#### DATA EXTRACT ####

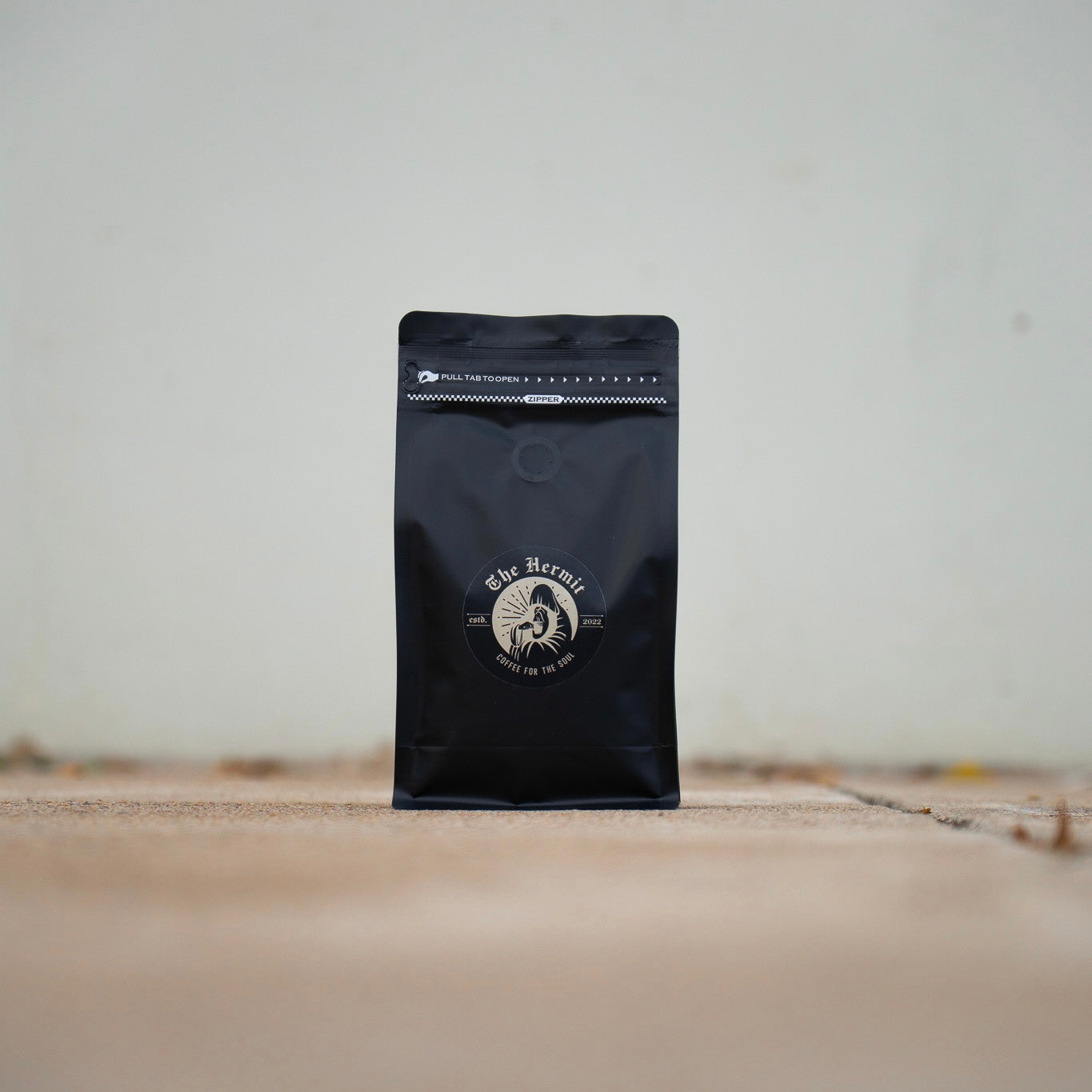 A black coffee bag with a gold and white logo, placed on a concrete surface with grass blades visible.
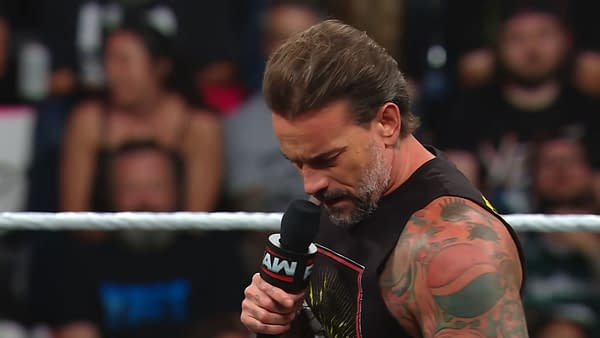 A professional wrestler, CM Punk, holds a microphone while appearing thoughtful during a segment on WWE Raw. He's wearing a sleeveless shirt and has multiple tattoos visible on his arms.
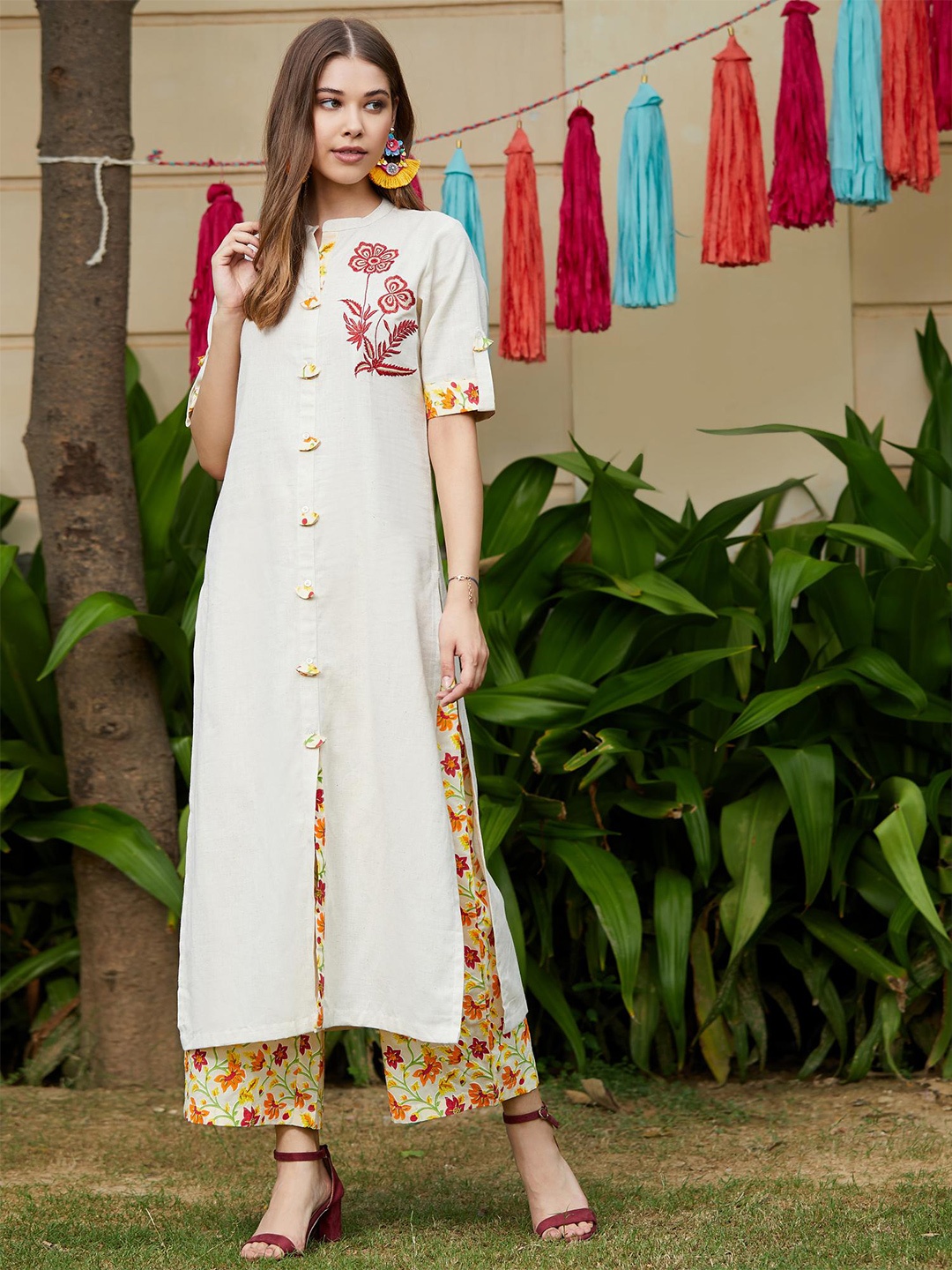 

Pannkh Women Beige & Orange Solid Kurta with Palazzos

####

### WHAT IS EXPECTED:
Leave out the pictures and retype every line above exactly.

### EXERCISE OUTPUT:
 A black coffee bag with a gold and white logo, placed on a concrete surface with grass blades visible.
 A professional wrestler, CM Punk, holds a microphone while appearing thoughtful during a segment on WWE Raw. He's wearing a sleeveless shirt and has multiple tattoos visible on his arms.

Pannkh Women Beige & Orange Solid Kurta with Palazzos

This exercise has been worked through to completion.